The instruction set I'm building is a MISC computer designed for streaming data. While the processors will be small, they will be capable of doing useful work, and the designs can be sized to fit the desired workload. The goal is to have a design which could support having 1k cores with reconfigurable message buses in hardware. By interconnecting multiple cores, the design will be able to scale horizontally to 10k, 100k, 1MM cores.
Rather than focus on building hardware for existing applications, I am looking at designing hardware for future applications, systems which recognize and interact with reality on a physical level. Having worked with speech and image recognition at global scale, I feel like I've developed a gut feeling for what should work in smaller packages, if only I had the hardware.

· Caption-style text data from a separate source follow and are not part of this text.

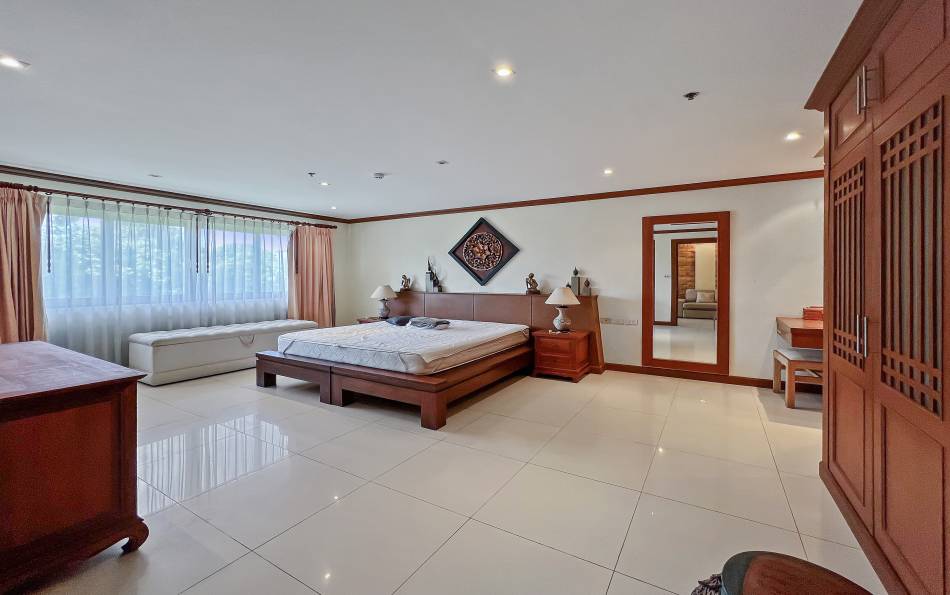 Pattaya, 1 Bedroom Bedrooms, ,1 BathroomBathrooms,Condo,For Rent,3,2724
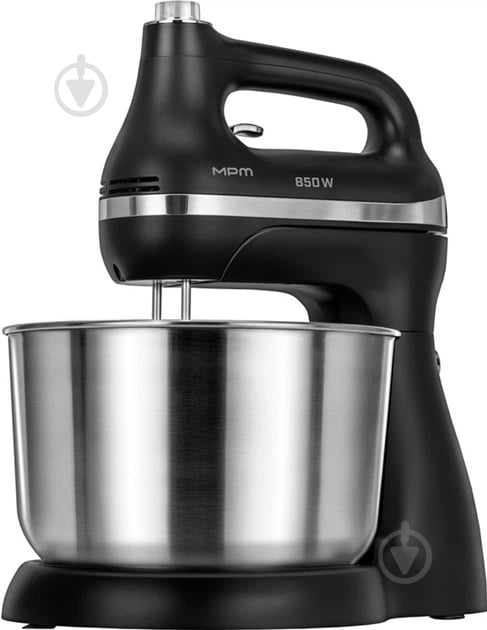 Миксер MPM MMR-26Z/C - фото 11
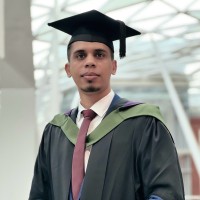 Syam Krishnan K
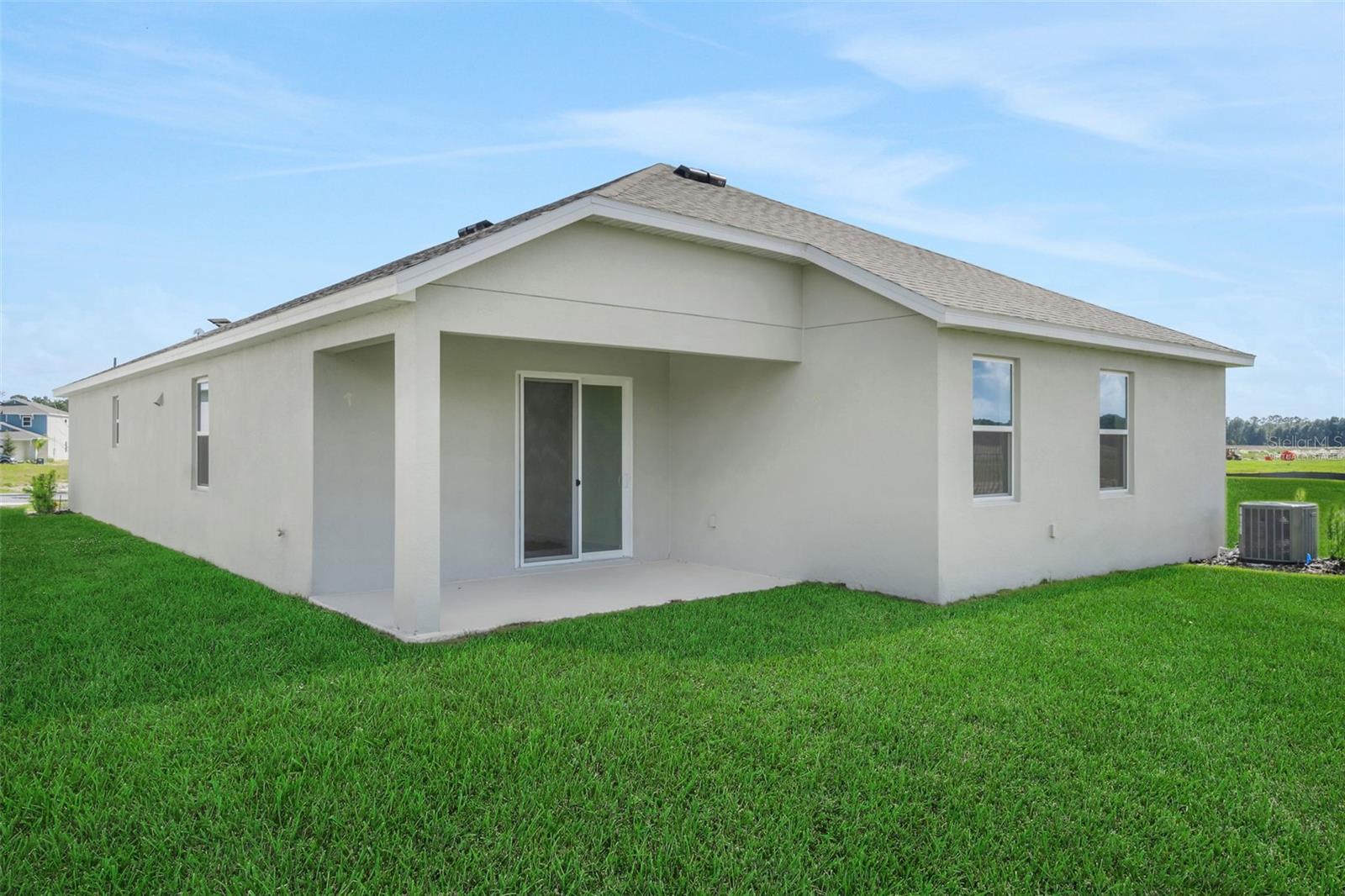 RESERVES AT HAMMOCK OAKS - Residential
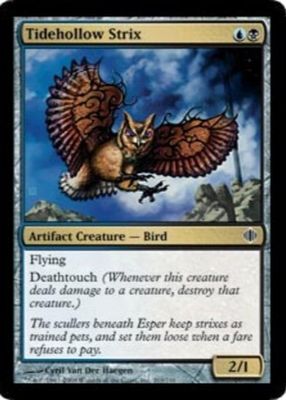 2008 Shards of Alara #203 Foil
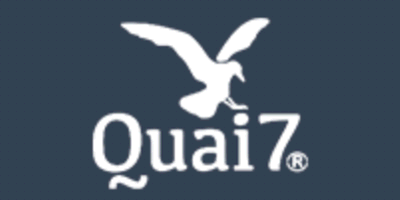 Logo Quai7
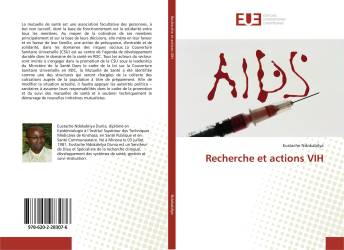 Recherche et actions VIH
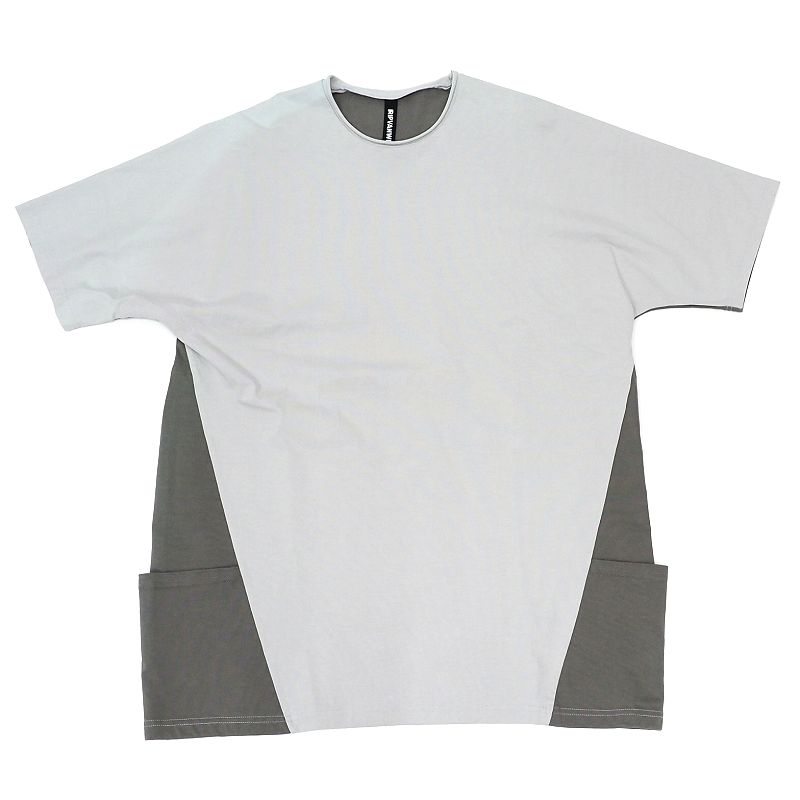 A06167W 新品 24SS RIPVANWINKLE × PCG ：XL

This design is an experiment to test if that feeling is on track.
Where We're Going There Are No Roads
Looking at the ambition, it would seem daunting given that not only am I designing the processor, but also the tooling to program the processor, and also the programming methodology for the target applications. The design is going to consist of tens of thousands of independent processors communicating via message passing, similar to an Erlang program, but without the luxury of OTP. But the reality is that the ambition allows me to dump all of the shit I don't need.
For programming languages, Aaron commented "your assembler looks a lot like Forth", to which I replied it was. By using the meta properties of a language like Forth, I can have the assembler be the low level Forth operators, and the instruction set architecture directly supports Forth constructs. My Forth tool chain can directly compile to the instruction set architecture and much of the core is directly implemented in the hardware design.
For operating systems, I am not going to have one. Rather, I am going to focus on the ROM code for the message routing layers. By controlling what messages get passed to which cores, I can provide basic OS level services (process isolation, hardware access, etc), but through a message broker architecture. Additionally, since the cores will be small enough, the object model for the program components will be similary reduced. There is no need for object linking and embedding when each processor is running a single object. Technologies like DCOM are a poor facimilie of the processor based messaging.
Lastly, the hardware interfaces will also be designed to take advantage of the hardware itself. As I am designing a familiy of related processors, I intend to extend the internal message passing to the peripherals. Keyboard, mice, stylus, cameras, microphones, laser range finders, servos, etc. will all have integrated microprocessors which will work the same way. The hardware will send messages and the other objects will respond if they are interested. Having object oriented hardware will place the device drivers where they belong, in the device itself.
So the ambition is to reinvent all of modern computing for the future. It should only take a few months at most :)